Task brief
Every record must be repeated precisely as it stands.

Records for this exercise
_____
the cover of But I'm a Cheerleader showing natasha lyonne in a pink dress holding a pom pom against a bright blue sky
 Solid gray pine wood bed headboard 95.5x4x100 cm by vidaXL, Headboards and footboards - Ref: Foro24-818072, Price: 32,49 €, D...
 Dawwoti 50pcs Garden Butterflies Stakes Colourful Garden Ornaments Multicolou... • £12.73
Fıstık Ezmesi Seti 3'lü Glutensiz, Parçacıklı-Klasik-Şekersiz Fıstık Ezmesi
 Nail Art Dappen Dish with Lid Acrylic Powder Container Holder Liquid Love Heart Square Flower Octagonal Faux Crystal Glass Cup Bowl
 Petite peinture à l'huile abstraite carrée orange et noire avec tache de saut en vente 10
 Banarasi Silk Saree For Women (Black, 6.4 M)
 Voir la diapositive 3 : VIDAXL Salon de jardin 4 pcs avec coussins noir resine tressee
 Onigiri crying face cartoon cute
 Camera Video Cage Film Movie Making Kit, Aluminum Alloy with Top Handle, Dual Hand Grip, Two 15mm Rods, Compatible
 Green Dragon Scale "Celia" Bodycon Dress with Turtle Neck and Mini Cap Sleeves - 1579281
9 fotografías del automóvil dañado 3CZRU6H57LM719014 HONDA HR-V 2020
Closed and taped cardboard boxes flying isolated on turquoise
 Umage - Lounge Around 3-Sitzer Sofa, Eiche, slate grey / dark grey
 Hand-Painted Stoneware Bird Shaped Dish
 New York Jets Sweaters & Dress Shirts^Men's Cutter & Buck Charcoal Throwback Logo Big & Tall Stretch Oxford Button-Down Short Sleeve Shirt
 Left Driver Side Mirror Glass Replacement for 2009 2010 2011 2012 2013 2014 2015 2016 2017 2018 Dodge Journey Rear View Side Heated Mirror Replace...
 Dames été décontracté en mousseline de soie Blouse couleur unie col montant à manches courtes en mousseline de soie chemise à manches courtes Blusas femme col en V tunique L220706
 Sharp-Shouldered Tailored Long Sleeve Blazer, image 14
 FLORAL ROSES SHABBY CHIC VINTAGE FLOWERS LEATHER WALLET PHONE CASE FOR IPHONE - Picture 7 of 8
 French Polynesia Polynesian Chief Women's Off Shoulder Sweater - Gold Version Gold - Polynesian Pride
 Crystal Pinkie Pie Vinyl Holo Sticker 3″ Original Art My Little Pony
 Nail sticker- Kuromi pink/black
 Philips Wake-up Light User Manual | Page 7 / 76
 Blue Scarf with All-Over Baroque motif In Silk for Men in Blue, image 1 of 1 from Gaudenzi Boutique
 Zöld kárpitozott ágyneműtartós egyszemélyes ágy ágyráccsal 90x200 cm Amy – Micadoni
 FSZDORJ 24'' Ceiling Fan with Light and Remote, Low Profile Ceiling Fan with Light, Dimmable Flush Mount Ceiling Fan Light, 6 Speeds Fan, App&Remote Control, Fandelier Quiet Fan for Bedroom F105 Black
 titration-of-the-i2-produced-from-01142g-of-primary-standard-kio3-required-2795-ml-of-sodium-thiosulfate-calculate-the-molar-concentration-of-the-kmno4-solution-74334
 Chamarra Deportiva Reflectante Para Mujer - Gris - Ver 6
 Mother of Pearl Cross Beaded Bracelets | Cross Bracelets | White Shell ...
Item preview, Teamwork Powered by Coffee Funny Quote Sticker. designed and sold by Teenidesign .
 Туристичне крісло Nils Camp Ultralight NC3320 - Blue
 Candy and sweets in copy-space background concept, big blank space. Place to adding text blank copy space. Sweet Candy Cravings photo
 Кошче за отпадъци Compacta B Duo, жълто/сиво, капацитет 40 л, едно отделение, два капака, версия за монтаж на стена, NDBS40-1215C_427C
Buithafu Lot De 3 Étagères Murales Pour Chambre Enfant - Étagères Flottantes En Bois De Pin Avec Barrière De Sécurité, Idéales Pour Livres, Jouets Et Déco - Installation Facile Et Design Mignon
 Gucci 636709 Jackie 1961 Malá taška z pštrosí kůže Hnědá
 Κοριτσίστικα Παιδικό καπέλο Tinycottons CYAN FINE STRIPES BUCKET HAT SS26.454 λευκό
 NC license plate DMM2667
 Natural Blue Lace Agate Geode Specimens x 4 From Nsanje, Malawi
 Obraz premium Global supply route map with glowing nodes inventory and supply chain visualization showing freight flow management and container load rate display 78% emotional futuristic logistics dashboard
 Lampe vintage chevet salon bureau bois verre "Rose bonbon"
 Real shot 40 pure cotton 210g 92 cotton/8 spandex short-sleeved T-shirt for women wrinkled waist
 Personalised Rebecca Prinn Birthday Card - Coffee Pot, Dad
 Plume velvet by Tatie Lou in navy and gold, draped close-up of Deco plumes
_____
Answer below
the cover of But I'm a Cheerleader showing natasha lyonne in a pink dress holding a pom pom against a bright blue sky
 Solid gray pine wood bed headboard 95.5x4x100 cm by vidaXL, Headboards and footboards - Ref: Foro24-818072, Price: 32,49 €, D...
 Dawwoti 50pcs Garden Butterflies Stakes Colourful Garden Ornaments Multicolou... • £12.73
Fıstık Ezmesi Seti 3'lü Glutensiz, Parçacıklı-Klasik-Şekersiz Fıstık Ezmesi
 Nail Art Dappen Dish with Lid Acrylic Powder Container Holder Liquid Love Heart Square Flower Octagonal Faux Crystal Glass Cup Bowl
 Petite peinture à l'huile abstraite carrée orange et noire avec tache de saut en vente 10
 Banarasi Silk Saree For Women (Black, 6.4 M)
 Voir la diapositive 3 : VIDAXL Salon de jardin 4 pcs avec coussins noir resine tressee
 Onigiri crying face cartoon cute
 Camera Video Cage Film Movie Making Kit, Aluminum Alloy with Top Handle, Dual Hand Grip, Two 15mm Rods, Compatible
 Green Dragon Scale "Celia" Bodycon Dress with Turtle Neck and Mini Cap Sleeves - 1579281
9 fotografías del automóvil dañado 3CZRU6H57LM719014 HONDA HR-V 2020
Closed and taped cardboard boxes flying isolated on turquoise
 Umage - Lounge Around 3-Sitzer Sofa, Eiche, slate grey / dark grey
 Hand-Painted Stoneware Bird Shaped Dish
 New York Jets Sweaters & Dress Shirts^Men's Cutter & Buck Charcoal Throwback Logo Big & Tall Stretch Oxford Button-Down Short Sleeve Shirt
 Left Driver Side Mirror Glass Replacement for 2009 2010 2011 2012 2013 2014 2015 2016 2017 2018 Dodge Journey Rear View Side Heated Mirror Replace...
 Dames été décontracté en mousseline de soie Blouse couleur unie col montant à manches courtes en mousseline de soie chemise à manches courtes Blusas femme col en V tunique L220706
 Sharp-Shouldered Tailored Long Sleeve Blazer, image 14
 FLORAL ROSES SHABBY CHIC VINTAGE FLOWERS LEATHER WALLET PHONE CASE FOR IPHONE - Picture 7 of 8
 French Polynesia Polynesian Chief Women's Off Shoulder Sweater - Gold Version Gold - Polynesian Pride
 Crystal Pinkie Pie Vinyl Holo Sticker 3″ Original Art My Little Pony
 Nail sticker- Kuromi pink/black
 Philips Wake-up Light User Manual | Page 7 / 76
 Blue Scarf with All-Over Baroque motif In Silk for Men in Blue, image 1 of 1 from Gaudenzi Boutique
 Zöld kárpitozott ágyneműtartós egyszemélyes ágy ágyráccsal 90x200 cm Amy – Micadoni
 FSZDORJ 24'' Ceiling Fan with Light and Remote, Low Profile Ceiling Fan with Light, Dimmable Flush Mount Ceiling Fan Light, 6 Speeds Fan, App&Remote Control, Fandelier Quiet Fan for Bedroom F105 Black
 titration-of-the-i2-produced-from-01142g-of-primary-standard-kio3-required-2795-ml-of-sodium-thiosulfate-calculate-the-molar-concentration-of-the-kmno4-solution-74334
 Chamarra Deportiva Reflectante Para Mujer - Gris - Ver 6
 Mother of Pearl Cross Beaded Bracelets | Cross Bracelets | White Shell ...
Item preview, Teamwork Powered by Coffee Funny Quote Sticker. designed and sold by Teenidesign .
 Туристичне крісло Nils Camp Ultralight NC3320 - Blue
 Candy and sweets in copy-space background concept, big blank space. Place to adding text blank copy space. Sweet Candy Cravings photo
 Кошче за отпадъци Compacta B Duo, жълто/сиво, капацитет 40 л, едно отделение, два капака, версия за монтаж на стена, NDBS40-1215C_427C
Buithafu Lot De 3 Étagères Murales Pour Chambre Enfant - Étagères Flottantes En Bois De Pin Avec Barrière De Sécurité, Idéales Pour Livres, Jouets Et Déco - Installation Facile Et Design Mignon
 Gucci 636709 Jackie 1961 Malá taška z pštrosí kůže Hnědá
 Κοριτσίστικα Παιδικό καπέλο Tinycottons CYAN FINE STRIPES BUCKET HAT SS26.454 λευκό
 NC license plate DMM2667
 Natural Blue Lace Agate Geode Specimens x 4 From Nsanje, Malawi
 Obraz premium Global supply route map with glowing nodes inventory and supply chain visualization showing freight flow management and container load rate display 78% emotional futuristic logistics dashboard
 Lampe vintage chevet salon bureau bois verre "Rose bonbon"
 Real shot 40 pure cotton 210g 92 cotton/8 spandex short-sleeved T-shirt for women wrinkled waist
 Personalised Rebecca Prinn Birthday Card - Coffee Pot, Dad
 Plume velvet by Tatie Lou in navy and gold, draped close-up of Deco plumes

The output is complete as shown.